Games benefit. Database's benefit. Photoshop sure as heck benefits.
The type of application that benefits from more onchip L2 cache is the type of program that likes to do large operations on a set of data1 or 2 MB in size. Thus, with sufficent cache, you can cache the data onchip and eleminate memory access for reading the file, as the whole file has been loaded into the chip. This allows work on the file to proceed much faster than if it had to have drawn 3/4ths of the file from main memory. Lemme just give you an example of the massive speed disparity between onboard cache and main memory.
P4 2.2GHZ
Internal L2 bandwidth SSE2 enabled:70GB/s
Internal L2 bandwidth non SSE2 enabled:35GB/s
Main memory:3.2GB/s
In programs where you're working with reasonably sized files (i.e. a 1 or 2 MB bitmap) having enough cache memory to bring the whole entire thing into cache would give you *tremondous* boosts in speed! Like as in the 20% range. Same thing for database's. If one entry in a database needs to have some things changed, if you can fit the whole thing into L2 cache you're going to work on it significantly faster than if not.
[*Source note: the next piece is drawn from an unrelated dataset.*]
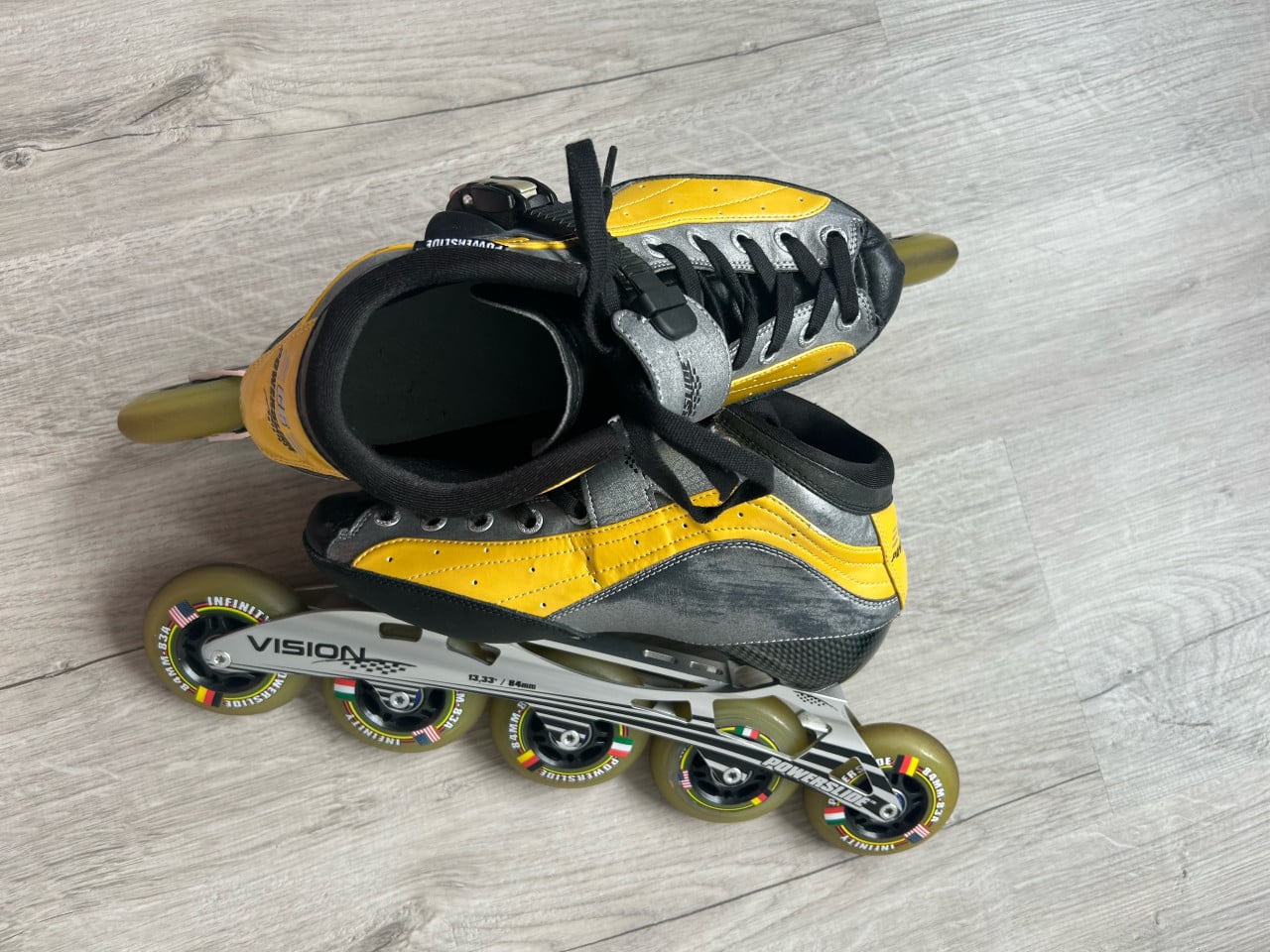 Skeelers powerslide vision maat 42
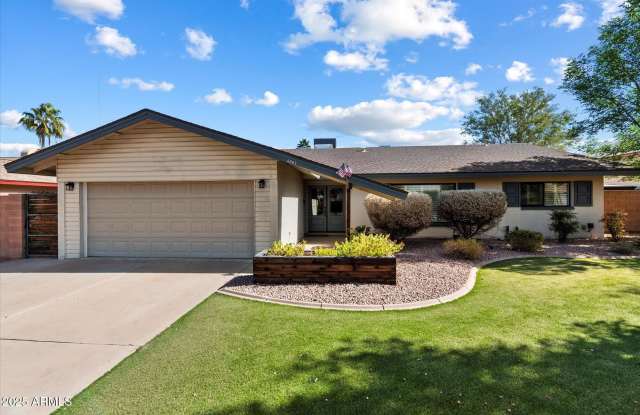 Photo of 4007 N 86th Street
Things that *don't* benefit much from L2 cache are streaming applications where in you are depending mostly on RAM for your data access. or programs that have such small datasets that you don't need more than 256KB total cache to cache the objects your working on. But just imagine this situation.
You have a database. You have one entry where every person who's owed a certian amount of money needs to have their intrest recalculated. If 1 set of data is 1.5MB, a 2MB Xeon is gonna do a hell of alot better than a 512K Xeon because it doesn't have to go rummaging back to main memory every time it needs to make a modification to the file. Just make your modifications in L2, ship it back to main memory, get the next set of data, perform the same operation, ship it back, etc etc etc..
*OR* the best example! Photoshop! Imagine (again) your working with a 1.5MB file, this time you're doing a guassian blur filter. If you only had 256K of cache you would have to go back to main memory constantly to get the information about a certian part of the picture for interpolation etc.. and it would just waste alot of time. Now, assume you have a 2MB cache running at full core speed. Do a logic operation, check interpolation points, do another logic operation, create interpolation points, etc.. until the whole image is finished. Ship it back to main memory. Your done! No memory access! Again, I show you the figures.
P4 2.2GHZ
Internal L2 bandwidth SSE2 enabled:70GB/s
Internal L2 bandwidth non SSE2 enabled:35GB/s
Main memory:3.2GB/s
Now, the P4's prefetch instructions drastically reduce the benefit of tremondous caches in comparison to P3's. But large L2 caches are still very useful in the above mentioned applications.